We are pretty sure that the UltraScale+ HBM controller can provide much better bandwidth than this, but lacked time to see if we could get better results.
The total burst size is dependent on the number of parallel NTT cores and gets better the more we have. With our current maximum of 64 cores we burst $64*8=512$ bytes.
Optimised layout
In order to show the actual performance of the design we needed a way to overcome the memory
bandwidth bottleneck that providing the input matrix in normal layout
(i.e., row major order) suffers from.
This led us to experiment with an
optimised layout
design.
The optimised layout uses the host for pre/post processing and dramatically improves bandwidth efficiency. Of the 4 memory transfers over 2 passes of the 4-step algorithm, 3 are totally linear, and 1 has a burst size of 4096 with 64 cores (2048 with 32). The host is required to transpose blocks of data accessed 64 bytes at a time.

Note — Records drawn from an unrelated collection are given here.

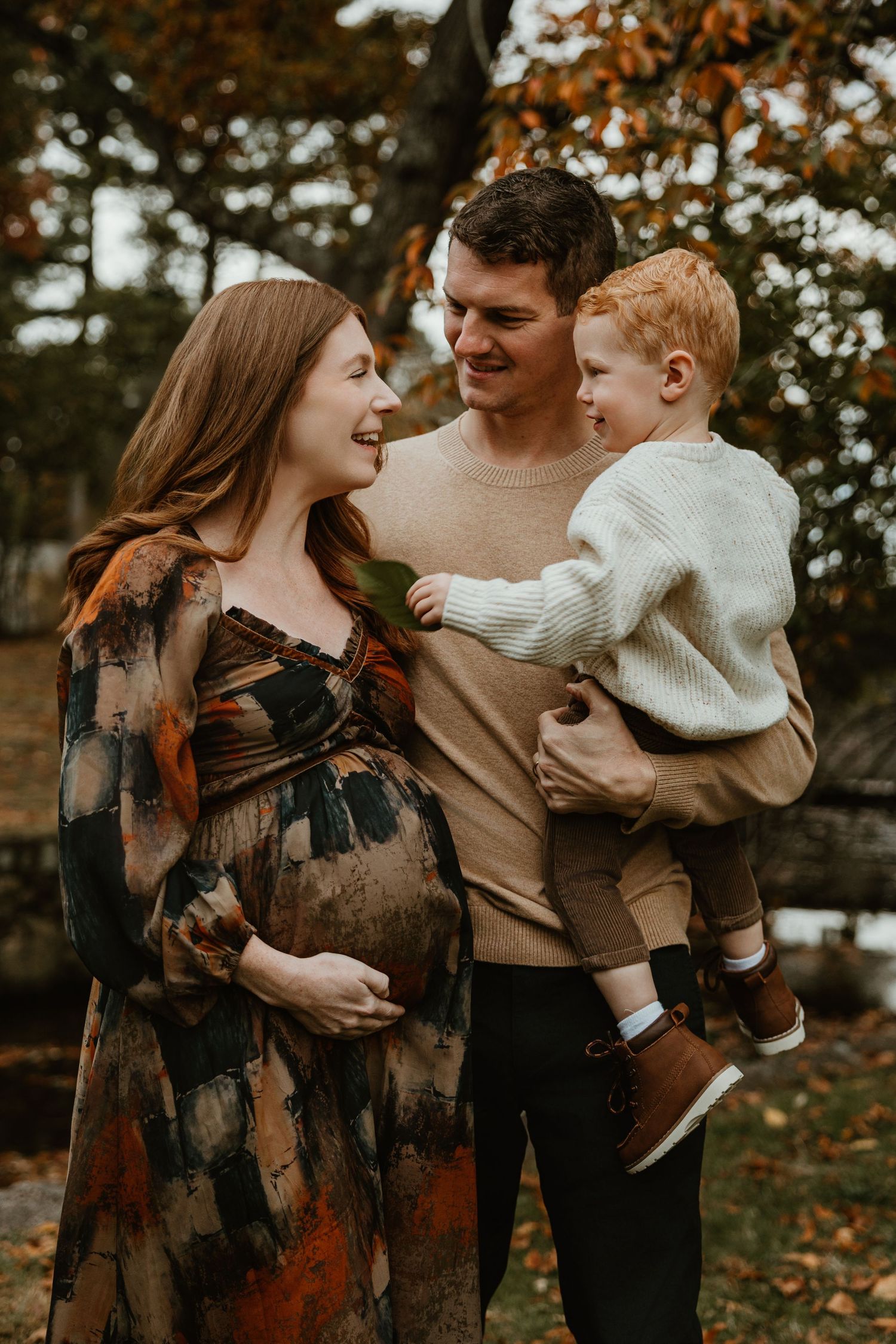 Family shares tender moments together outdoors in coordinated neutral fall outfits.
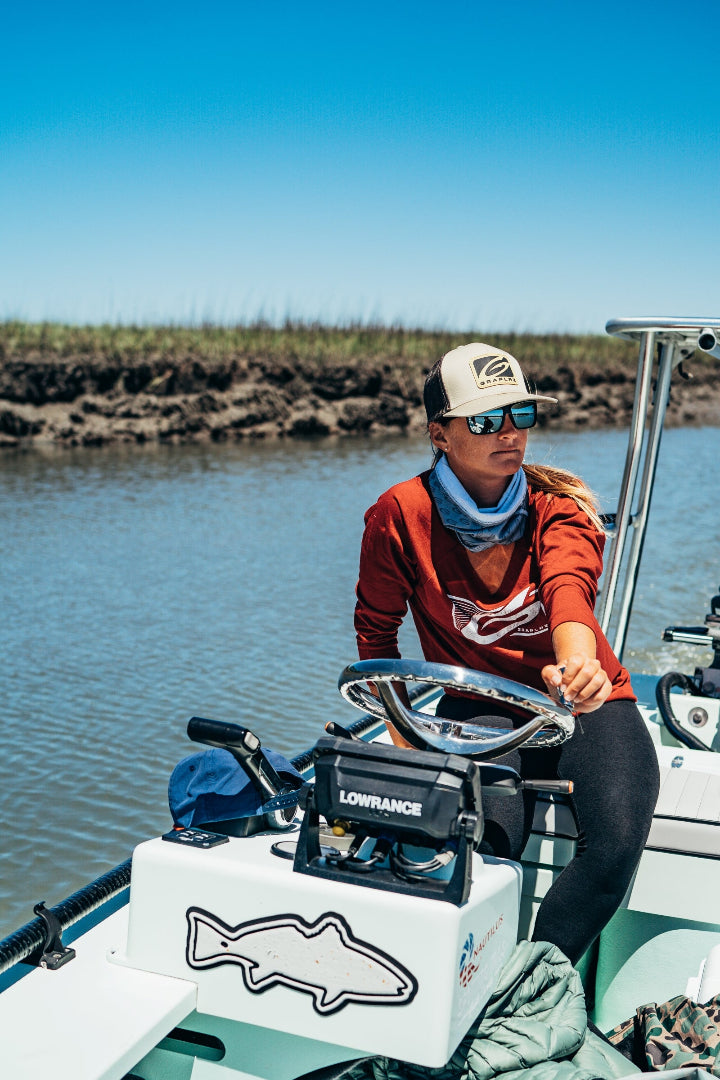 Woman steering a boat wearing a GRAPLRZ hat and shirt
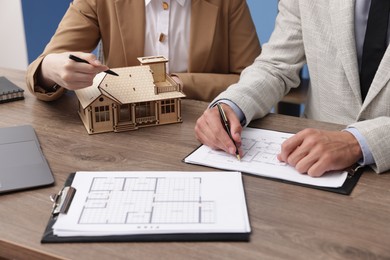 Photo of Real estate agent working with client at desk with house model in office, closeup
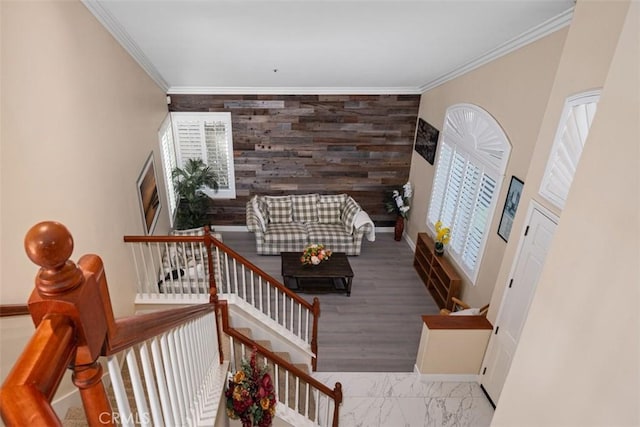 staircase with marble finish floor, an accent wall, baseboards, and ornamental molding
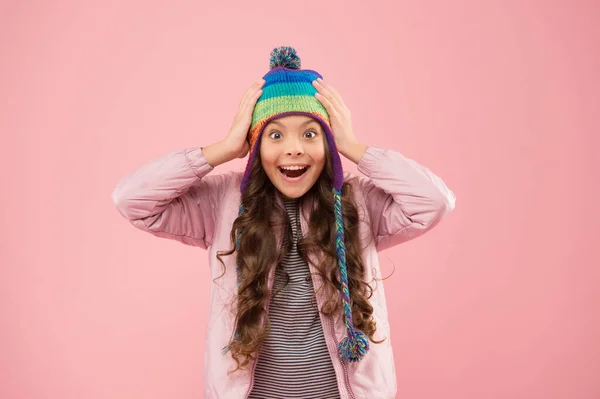 Lekfullt humör. Trendig snygg accessoar. Barn hattar för vintersäsongen. Tillbehörsskydd huvud. Underbara små barnkläder stickad accessoar. Söt liten flicka med mode tillbehör rosa bakgrund — Stockfoto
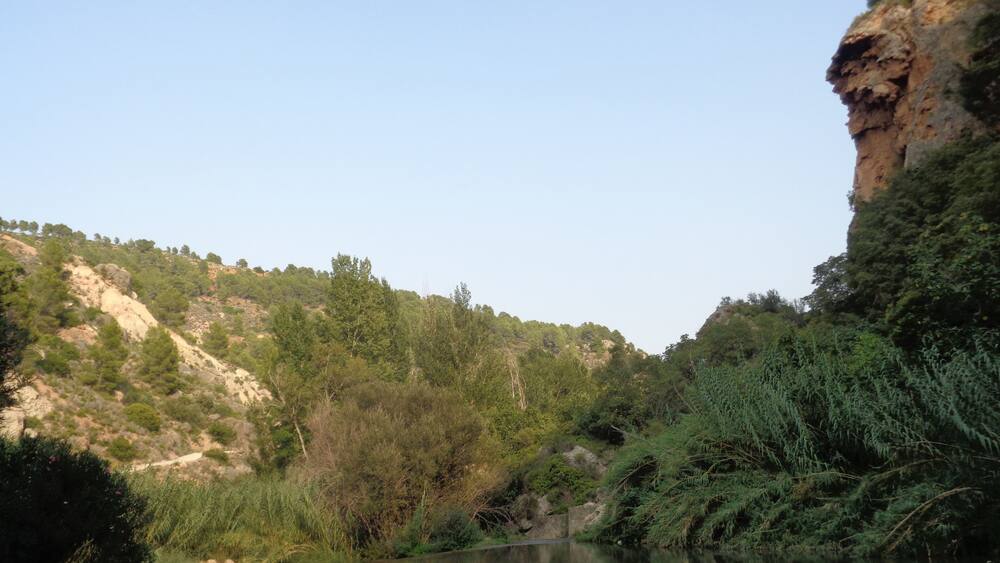 A river flowing through a valley with rocky cliffs and dense greenery.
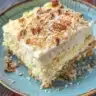 Delicious slice of Quick Italian Cream Cake with creamy frosting and nuts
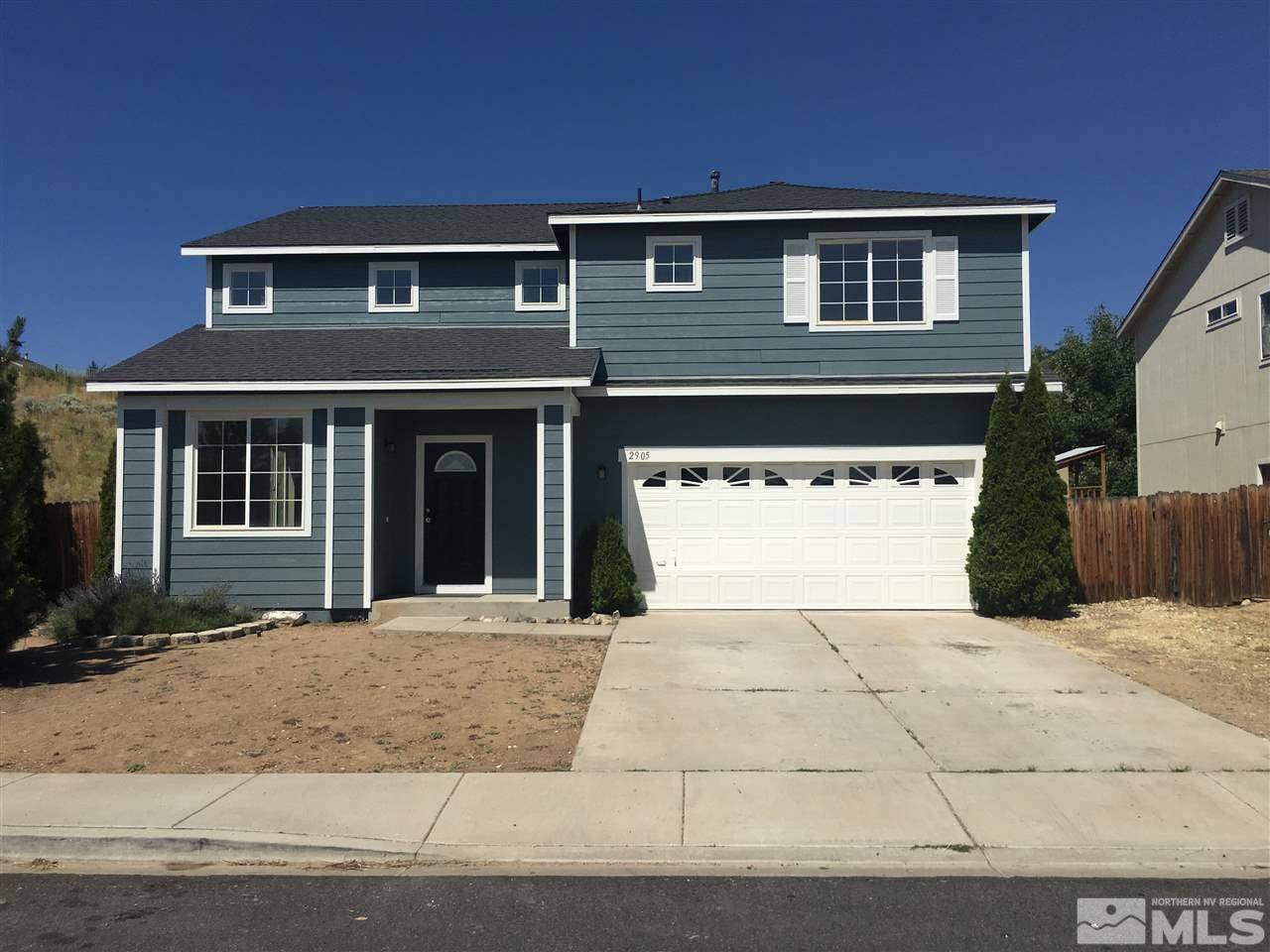 2905 Crown Canyon Court Reno, NV 89503 - Photo 1 of 1 a front view of a house with a yard and garage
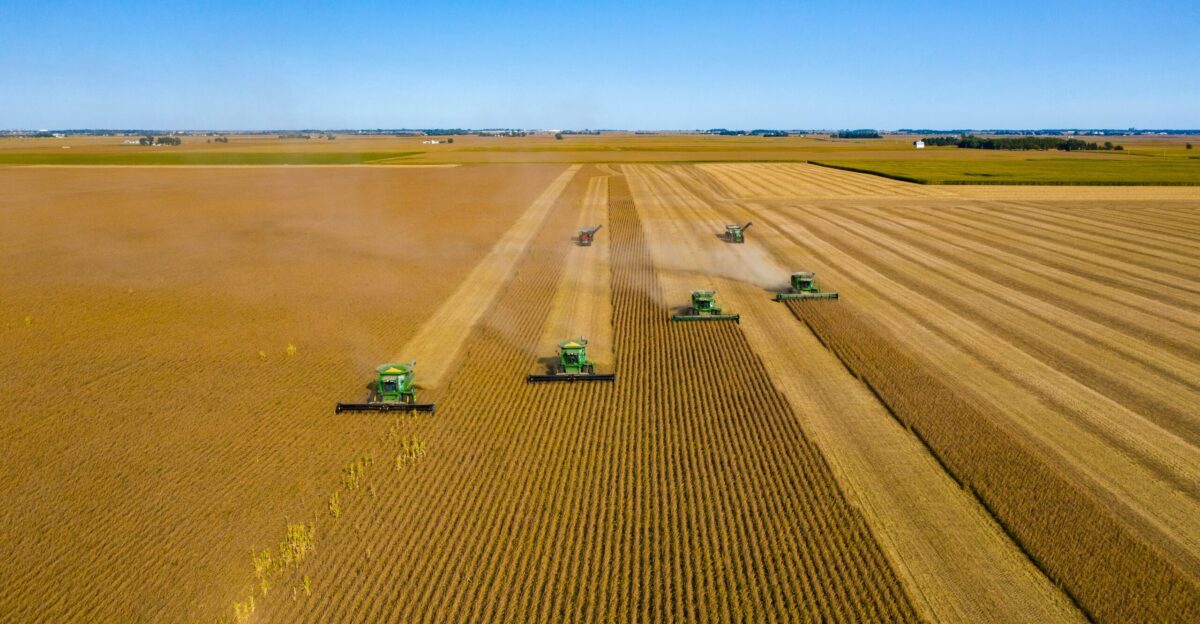 green truck on brown field under blue sky during daytime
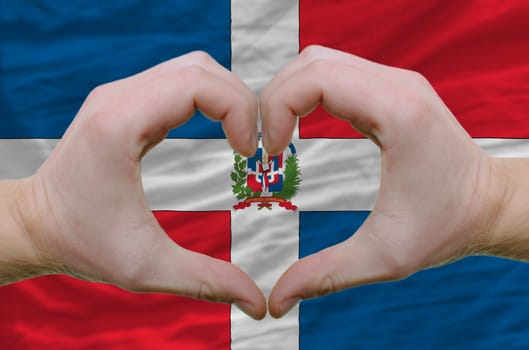 Gesture made by hands showing symbol of heart and love over dominican flag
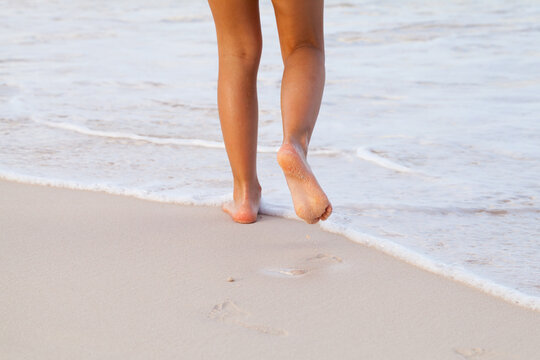 Barefoot legs of a girl walking the shore water on the beach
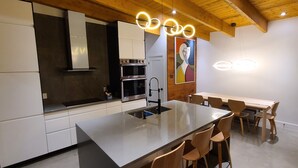 A modern kitchen with a central island, built-in appliances, and wooden ceiling beams. - The Retreat - Mountain chalet - piscine & spa (Sainte-Béatrix)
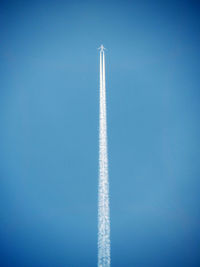 Low angle view of vapor trails against clear blue sky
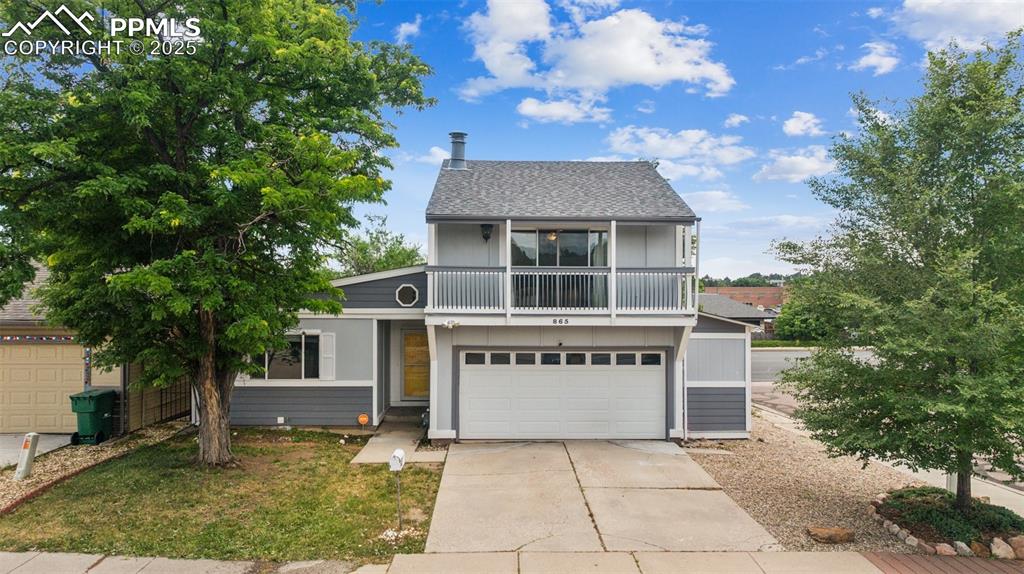 This thoughtfully laid-out 3-bedroom, 2-bath home sits on a sunny corner lot near Quail Lake, Cheyenne Mountain, and Fort Carson. Inside, you’ll find laminate floors, two fireplaces, and a main-level living room that flows into a functional kitchen with all major appliances included. The primary bedroom offers generous closet space, an attached bath, and a skylit dressing area. Upstairs, the loft opens to a private balcony—great for plants, reading, or unwinding. The lower living room leads out to a fenced yard and deck, offering space to relax or entertain. A newer A/C unit, forced air heating, laundry closet with washer and dryer, and attached 1-car garage round out the home’s conveniences. Conveniently located near shopping, dining, parks, and trails, this home offers both comfort and accessibility in one inviting package.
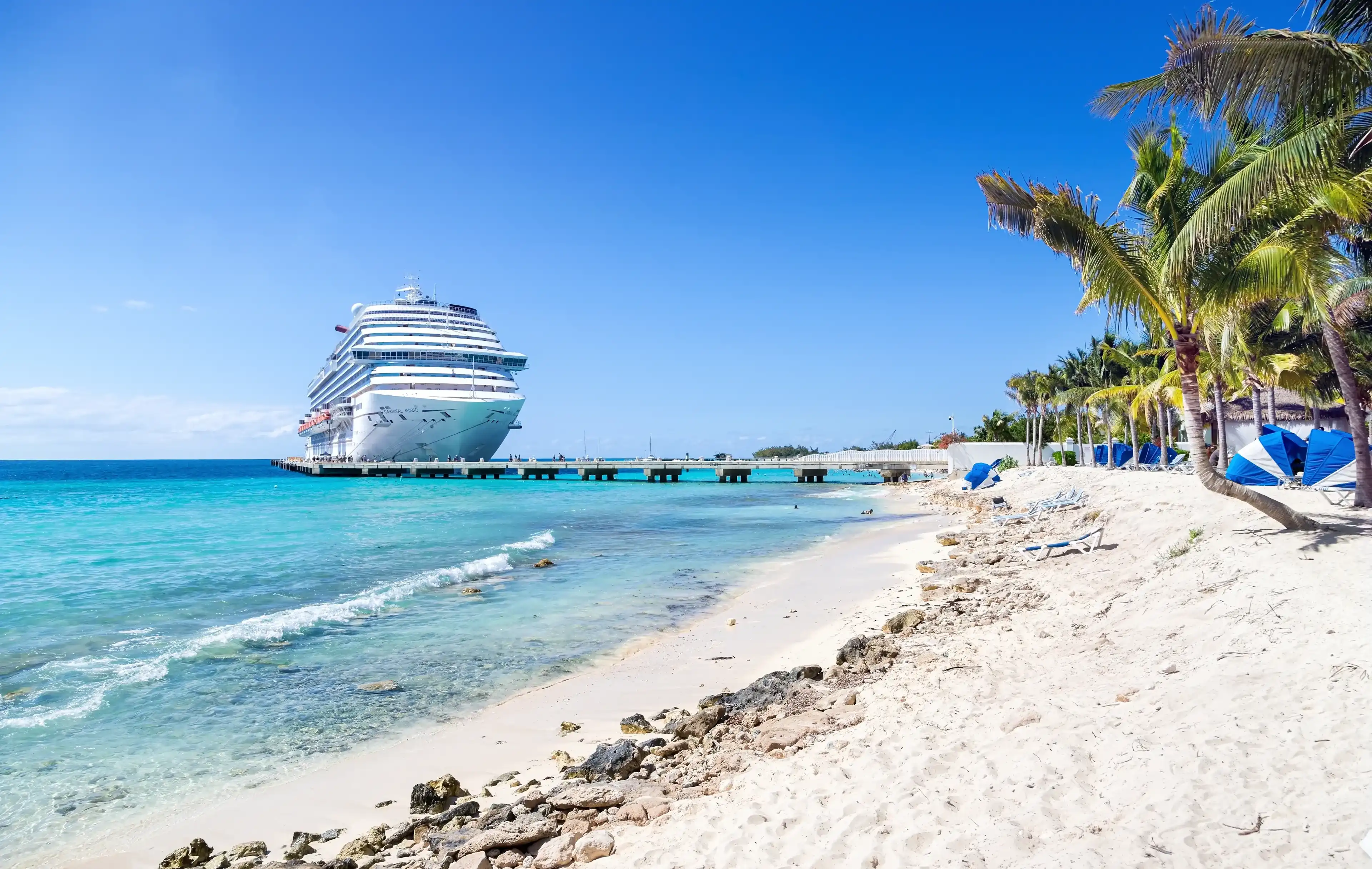 Grand Turk, Turks and Caicos Islands - MARCH 29, 2019: Cruise ship Carnival Magic docked at port Grand Turk on sunny day Grand Turk, Turks and Caicos Islands - MARCH 29, 2019: Cruise ship Carnival Magic docked at port Grand Turk on sunny day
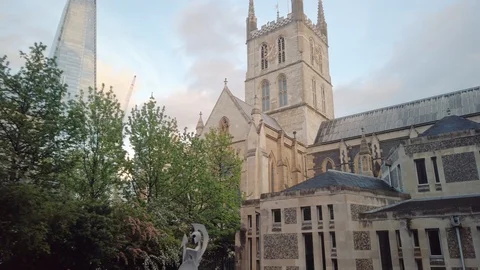 View of The Shard skyscraper, through the old building of Southwark Cathedral Stock Footage 113395696
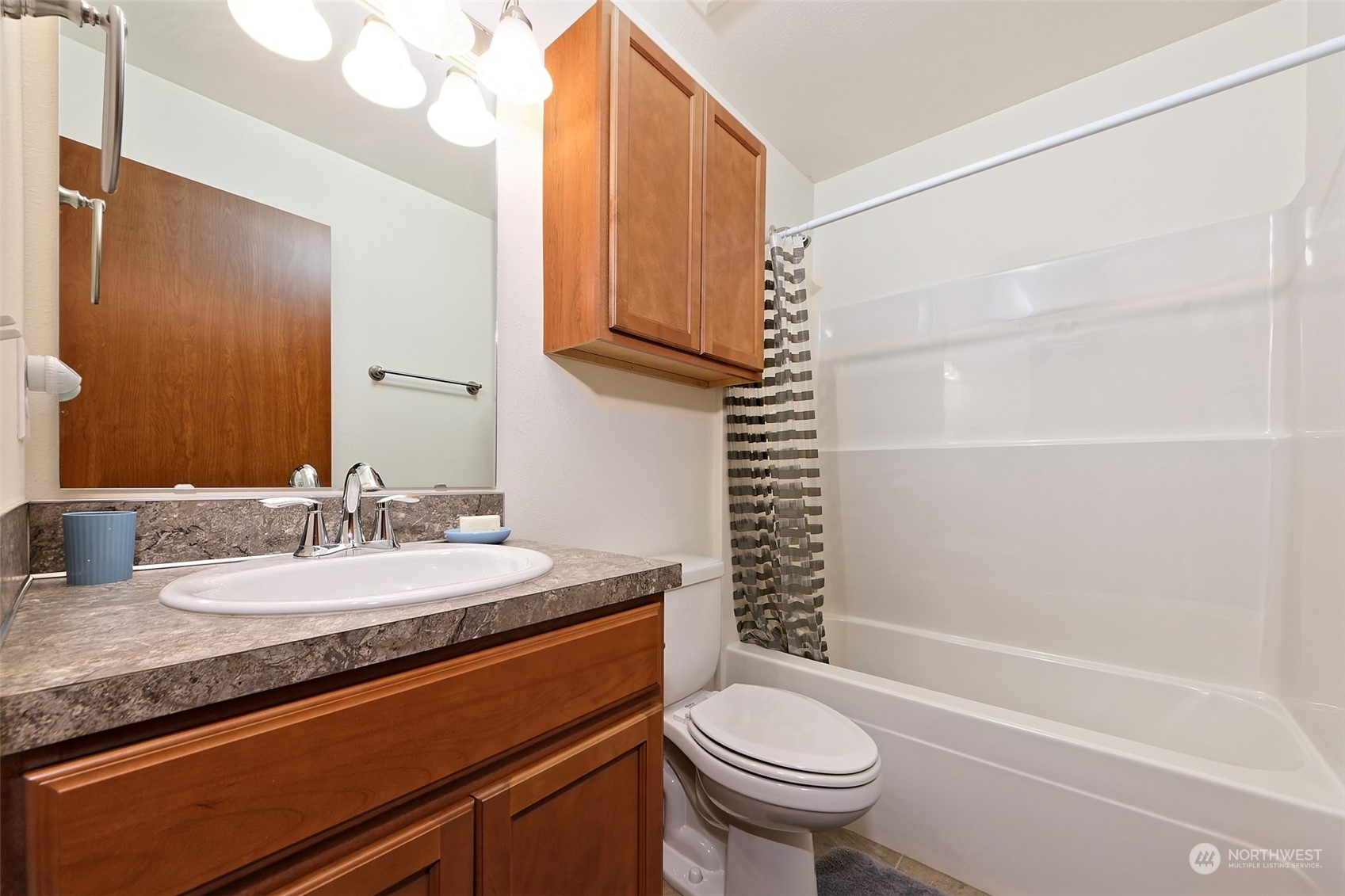 1025 Connection Street Shelton, WA 98584 - Photo 17 of 21 a bathroom with a granite countertop sink toilet and shower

We see tremendously improved throughput of the core with this scheme, though the host processing was relatively heavy (but still faster than the actual NTT computation, so could be hidden).
Due to the ZPrize judging criteria, we don’t expect this optimisation to be useful due to the extra pre/post processing. We include it nonetheless as it shows the potential performance we can get with either a more optimised HBM structure or different memory architecture (like DDR4).
PCIe
The Varium C1100 cards are provided with a Vitis design infrastructure that supports a x4 Gen3 PCIe link. Our NTT design can saturate that link, even with the HBM bandwidth limitations noted above.
We really need a full 16x PCIe link to push this design further.